Leaner and cleaner

In a finding that provides an important boost to automobile emissions control technology, College of Engineering researchers have discovered a new way to operate pollution-dampening catalytic converters without the need for expensive noble metals.

The novel formulation is designed for a relatively new automobile engine technology that provides for high fuel efficiency. Such “lean burn” engines, which can save up to 20 percent on fuel consumption over engines now in use, are being road tested in several countries, including South Africa and Japan, but they are not yet on the market. These new engines require new catalysts to reduce emissions because the existing catalysts do not work under the exhaust conditions the engines create.

The formulation developed by Jochen A. Lauterbach, associate professor of chemical engineering, and his colleagues is both cheaper and more effective than the current means of catalytic conversion, which relies on the use of costly platinum in the storage and reduction of nitrogen oxides in the emissions.

The UD research team has achieved positive results by using the less expensive cobalt as an oxidizing metallic element. “This has proved to be superior in performance, and a lot cheaper, than the best catalytic converter materials known,” Lauterbach says.

The finding, which is the result of more than two years of research, was highlighted in a recent issue of Chemical and Engineering News and was the subject of a paper in the professional journal Catalysis Communications.

The idea for this new class of catalysts was drawn from research undertaken by Toyota Motor Corp., and Lauterbach says the concept intrigued his research team.

“We began by taking a fundamental science approach,” he says. “Since then, we have moved over to the applied side, while still working on the fundamentals. We continue to be very interested in why these materials do what they do.”

The team is a pioneer in combinatorial materials science, a method by which the engineers can look at many potential catalysts at once, rather than going through the laborious process of studying the materials individually.

“The idea is to look at multiple materials in parallel, rather than one at a time,” Lauterbach says. “Now, we can look at anywhere from a dozen to a hundred materials in the same amount of time as we previously could look at one. As a result, we can look at material compositions that we wouldn’t have been able to study before, simply because of the time involved.”

The research team was just the second academic group in the United States to begin work in combinatorial catalysis, and it remains one of the leading groups in the nation in that field.

“As a University with a large educational component, it is important to educate students in these novel ways to conduct research,” Lauterbach says. “We are training students to go to industry with this new way of thinking.”

The researchers can test 16 catalysts at once, studying the effect of small concentrations of manganese, iron and cobalt on the performance of nitrogen oxide storage and reduction catalysts. They have found that an alumina-supported catalyst containing 5 percent cobalt and 15 percent barium is just as effective as conventional formulations that contain 1 percent platinum.
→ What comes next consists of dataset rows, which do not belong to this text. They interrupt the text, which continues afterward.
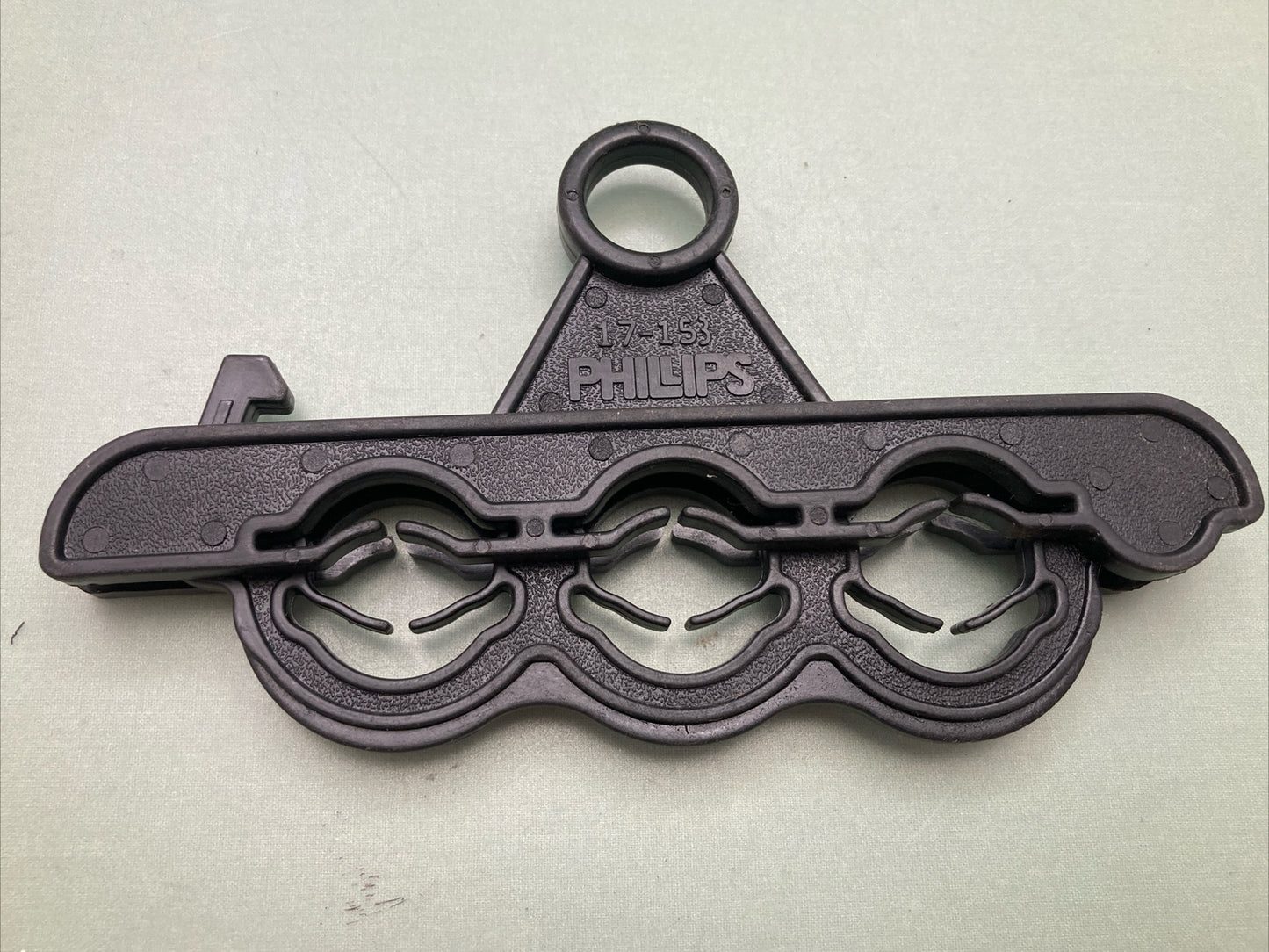 NEW PHILIPS 17-153 3-HOSE HOLDER, QWIK SNAP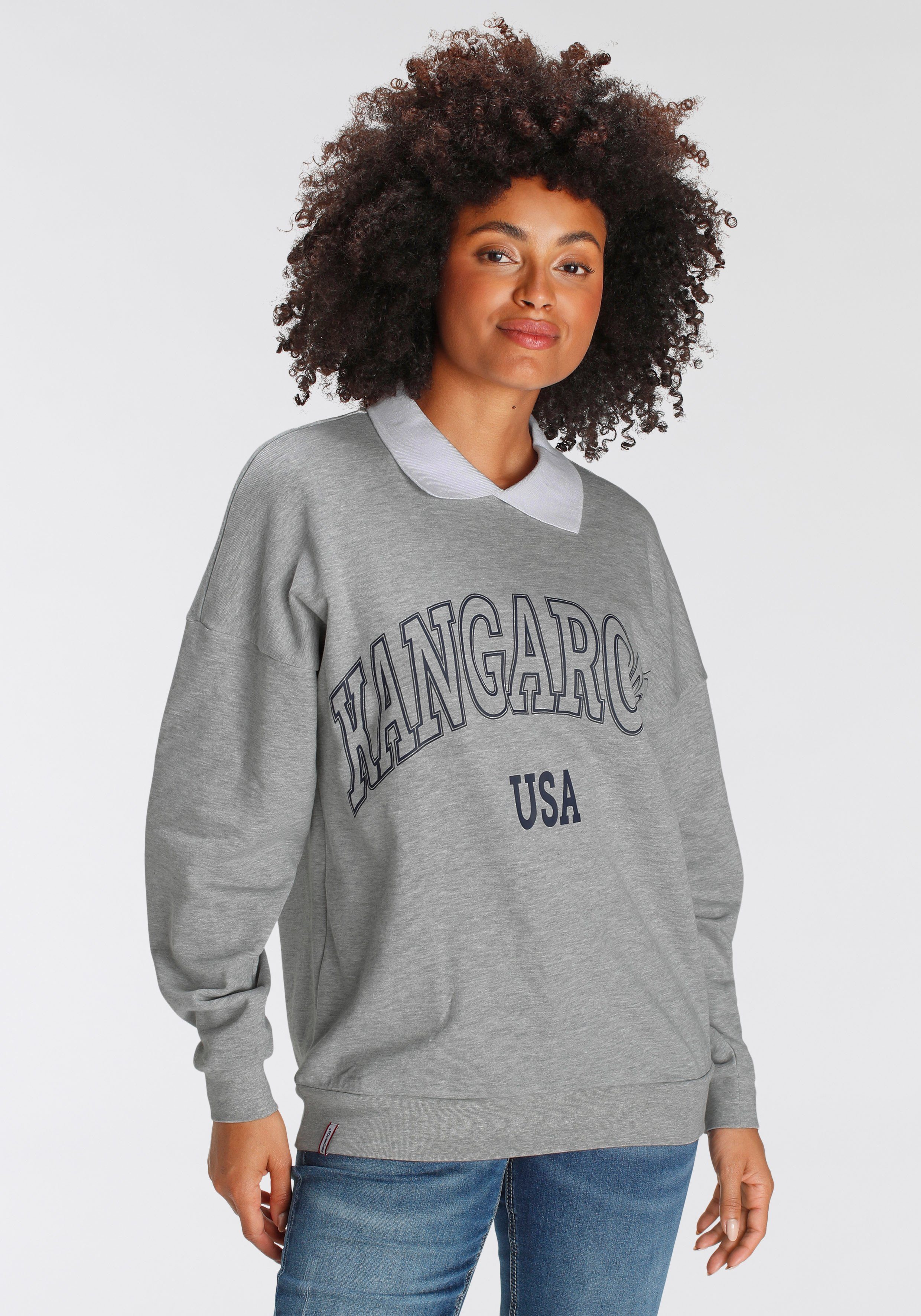 KangaROOS Sweatshirt, Lässig trendige Oversize-Passform mit überschnittener  Schulter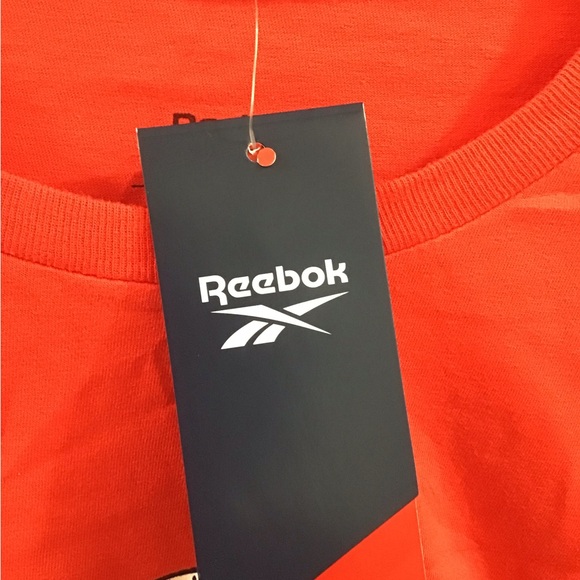 Reebok Men's Red USA Graphic Tee - Picture 3 of 4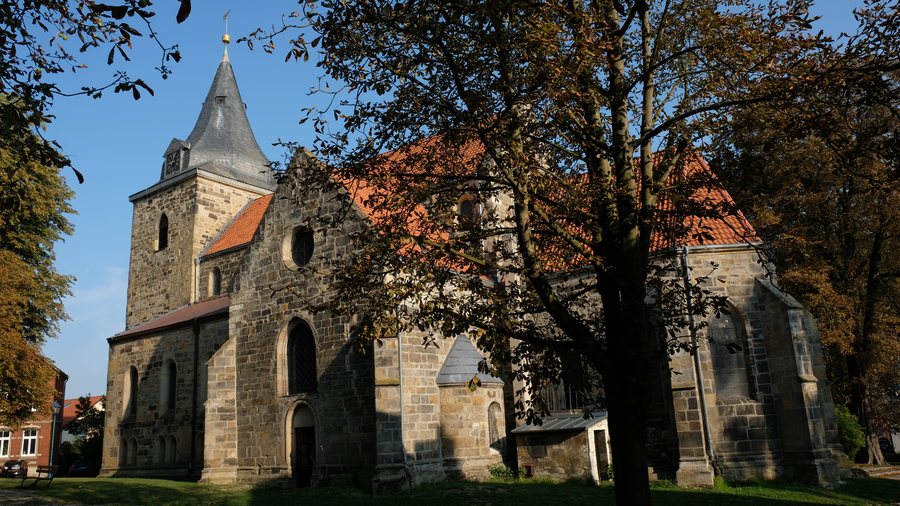File:Michaeliskirche Ronnenberg.jpg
Furthermore, the UD scientists have found that by adding platinum to the cobalt-barium catalyst, they can produce a material with twice the nitrogen oxide storage capacity of traditional platinum-based catalysts.

“Our primary finding, really, is in performance,” Lauterbach says. “Using the cheaper material, the performance is equal to the most expensive, state-of-the-art equipment. And, if you add the higher-priced materials, you see a substantial increase in performance over what is shown in the most recent literature.”

The research team now is working to optimize the composition of the material, in terms of both cost and long-term stability. Lauterbach says he believes the findings should be of great interest to both government and industry.

“The U.S. government is funding research on hydrogen fuel, which might save us 50 years from now but won’t make us less dependent on foreign oil in the next few years,” he says. “If the technology is there and you can save fuel, it presents an opportunity to reduce dependence on foreign oil.”

The National Science Foundation is supporting the research. The team includes engineering graduate students Rohit Vijay and Ben Feist, research associate Christopher M. Snively and student researcher Ben Rogers, EG ’05.

Lauterbach came to UD in 2002 from Purdue University, where he won the National Science Foundation’s prestigious Faculty Early Career Development Award in 1998. He earned a bachelor’s degree from the University of Bayreuth, Germany, and his doctorate from the Free University of Berlin, Germany.  

—Neil Thomas, AS ’76